Material provided:
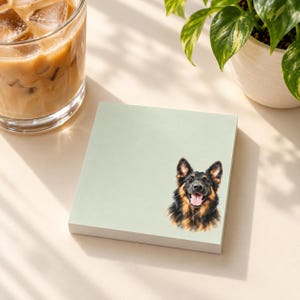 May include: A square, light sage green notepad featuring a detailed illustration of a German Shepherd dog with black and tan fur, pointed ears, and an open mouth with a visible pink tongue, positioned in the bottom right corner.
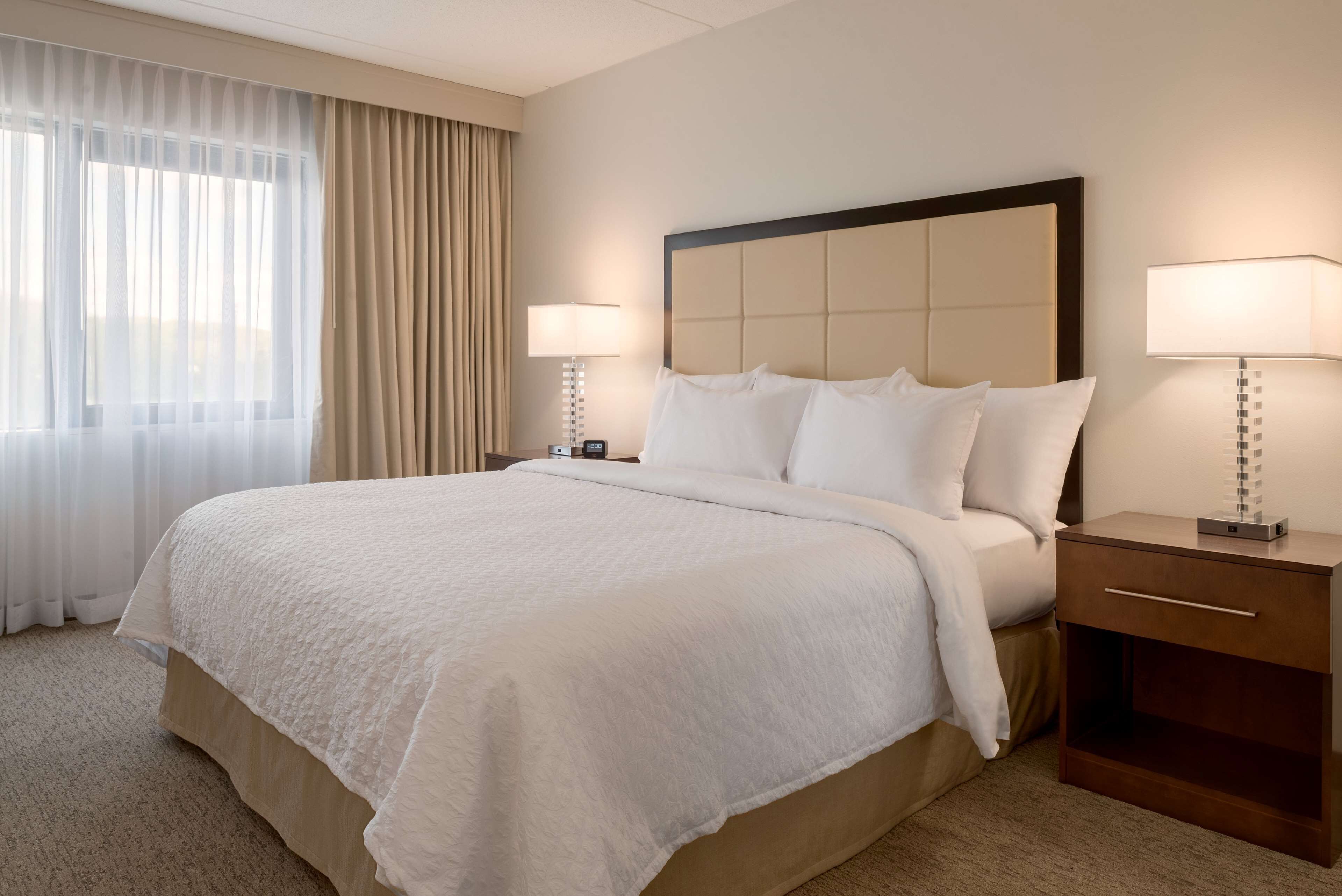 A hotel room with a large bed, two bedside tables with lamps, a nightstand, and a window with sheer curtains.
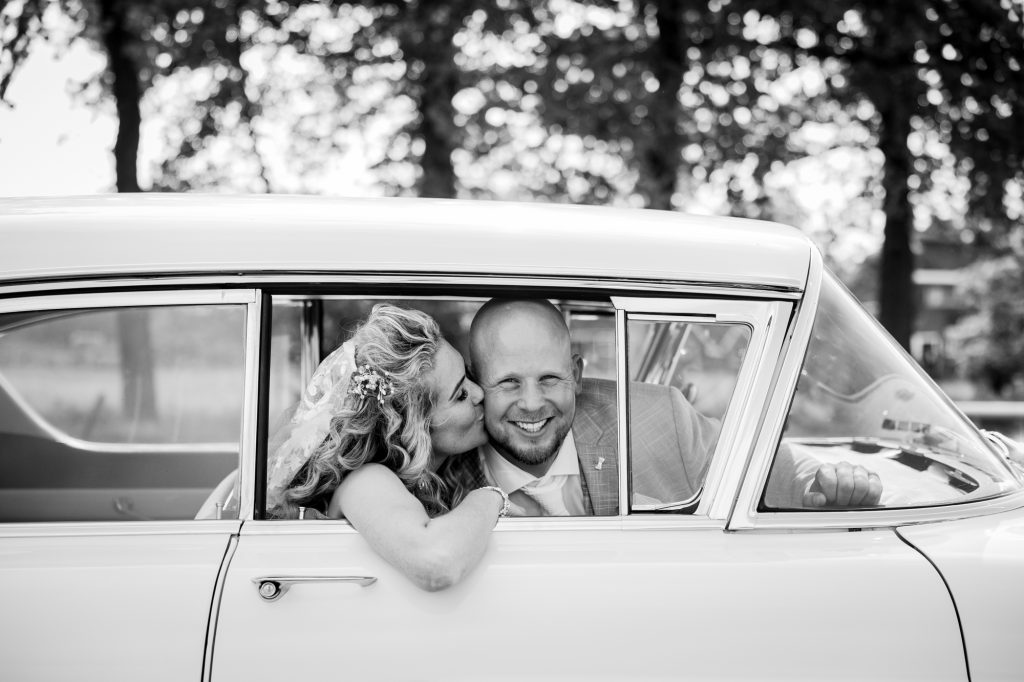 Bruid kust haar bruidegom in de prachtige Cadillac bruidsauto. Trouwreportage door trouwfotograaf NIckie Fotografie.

Work required: For this exercise, retype the data above exactly and skip every image.

Exercise answer:
 May include: A square, light sage green notepad featuring a detailed illustration of a German Shepherd dog with black and tan fur, pointed ears, and an open mouth with a visible pink tongue, positioned in the bottom right corner.
 A hotel room with a large bed, two bedside tables with lamps, a nightstand, and a window with sheer curtains.
 Bruid kust haar bruidegom in de prachtige Cadillac bruidsauto. Trouwreportage door trouwfotograaf NIckie Fotografie.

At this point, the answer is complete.